# [Records from a dataset]
########################################

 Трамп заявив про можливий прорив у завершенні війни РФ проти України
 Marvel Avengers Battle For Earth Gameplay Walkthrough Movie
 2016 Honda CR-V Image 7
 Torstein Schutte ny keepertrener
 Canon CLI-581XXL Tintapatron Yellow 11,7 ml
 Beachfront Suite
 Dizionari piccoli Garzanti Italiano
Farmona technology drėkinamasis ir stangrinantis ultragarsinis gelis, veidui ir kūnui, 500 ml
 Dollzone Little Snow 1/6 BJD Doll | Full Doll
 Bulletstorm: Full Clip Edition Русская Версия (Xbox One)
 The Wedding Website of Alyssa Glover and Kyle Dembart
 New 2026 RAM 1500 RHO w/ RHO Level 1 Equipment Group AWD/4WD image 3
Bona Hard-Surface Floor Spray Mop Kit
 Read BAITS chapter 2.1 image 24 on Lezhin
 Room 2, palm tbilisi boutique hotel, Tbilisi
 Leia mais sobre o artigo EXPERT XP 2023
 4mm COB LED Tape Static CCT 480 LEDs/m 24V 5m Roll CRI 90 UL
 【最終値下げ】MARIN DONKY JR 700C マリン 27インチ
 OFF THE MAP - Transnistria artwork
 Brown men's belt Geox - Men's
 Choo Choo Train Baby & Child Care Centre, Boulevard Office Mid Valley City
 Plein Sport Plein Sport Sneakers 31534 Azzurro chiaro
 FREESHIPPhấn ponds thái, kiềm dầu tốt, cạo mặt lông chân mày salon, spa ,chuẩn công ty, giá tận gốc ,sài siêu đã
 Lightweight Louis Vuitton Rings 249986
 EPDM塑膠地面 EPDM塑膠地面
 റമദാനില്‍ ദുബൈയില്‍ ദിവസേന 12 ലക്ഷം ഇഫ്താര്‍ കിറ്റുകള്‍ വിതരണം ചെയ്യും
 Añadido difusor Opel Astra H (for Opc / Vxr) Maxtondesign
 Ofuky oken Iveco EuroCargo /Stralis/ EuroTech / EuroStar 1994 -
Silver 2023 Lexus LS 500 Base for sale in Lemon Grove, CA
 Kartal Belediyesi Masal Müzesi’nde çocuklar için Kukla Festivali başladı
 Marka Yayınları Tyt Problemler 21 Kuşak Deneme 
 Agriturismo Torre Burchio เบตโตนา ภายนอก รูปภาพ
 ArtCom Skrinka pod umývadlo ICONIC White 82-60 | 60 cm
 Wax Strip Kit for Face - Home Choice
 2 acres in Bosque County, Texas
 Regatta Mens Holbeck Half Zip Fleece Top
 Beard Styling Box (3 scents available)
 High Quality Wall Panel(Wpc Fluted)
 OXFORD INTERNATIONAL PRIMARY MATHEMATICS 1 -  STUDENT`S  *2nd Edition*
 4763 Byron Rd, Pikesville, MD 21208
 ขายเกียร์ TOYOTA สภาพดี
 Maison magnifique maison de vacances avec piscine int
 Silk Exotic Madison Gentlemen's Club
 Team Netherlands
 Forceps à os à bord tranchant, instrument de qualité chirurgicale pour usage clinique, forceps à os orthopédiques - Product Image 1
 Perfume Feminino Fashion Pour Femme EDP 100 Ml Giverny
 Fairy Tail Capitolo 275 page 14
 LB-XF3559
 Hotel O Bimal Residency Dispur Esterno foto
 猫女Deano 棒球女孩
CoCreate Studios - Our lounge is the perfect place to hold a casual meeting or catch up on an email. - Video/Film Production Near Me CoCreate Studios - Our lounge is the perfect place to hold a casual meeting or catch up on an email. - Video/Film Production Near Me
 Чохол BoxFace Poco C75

########################################

# [ACTIVITY]
Using the data above, transcribe the lines that run from the line with "Canon CLI-581XXL Tintapatron Yellow 11,7 ml" to the line with "Añadido difusor Opel", both ends kept, and output nothing else.

# [ANSWER BELOW]
 Canon CLI-581XXL Tintapatron Yellow 11,7 ml
 Beachfront Suite
 Dizionari piccoli Garzanti Italiano
Farmona technology drėkinamasis ir stangrinantis ultragarsinis gelis, veidui ir kūnui, 500 ml
 Dollzone Little Snow 1/6 BJD Doll | Full Doll
 Bulletstorm: Full Clip Edition Русская Версия (Xbox One)
 The Wedding Website of Alyssa Glover and Kyle Dembart
 New 2026 RAM 1500 RHO w/ RHO Level 1 Equipment Group AWD/4WD image 3
Bona Hard-Surface Floor Spray Mop Kit
 Read BAITS chapter 2.1 image 24 on Lezhin
 Room 2, palm tbilisi boutique hotel, Tbilisi
 Leia mais sobre o artigo EXPERT XP 2023
 4mm COB LED Tape Static CCT 480 LEDs/m 24V 5m Roll CRI 90 UL
 【最終値下げ】MARIN DONKY JR 700C マリン 27インチ
 OFF THE MAP - Transnistria artwork
 Brown men's belt Geox - Men's
 Choo Choo Train Baby & Child Care Centre, Boulevard Office Mid Valley City
 Plein Sport Plein Sport Sneakers 31534 Azzurro chiaro
 FREESHIPPhấn ponds thái, kiềm dầu tốt, cạo mặt lông chân mày salon, spa ,chuẩn công ty, giá tận gốc ,sài siêu đã
 Lightweight Louis Vuitton Rings 249986
 EPDM塑膠地面 EPDM塑膠地面
 റമദാനില്‍ ദുബൈയില്‍ ദിവസേന 12 ലക്ഷം ഇഫ്താര്‍ കിറ്റുകള്‍ വിതരണം ചെയ്യും
 Añadido difusor Opel Astra H (for Opc / Vxr) Maxtondesign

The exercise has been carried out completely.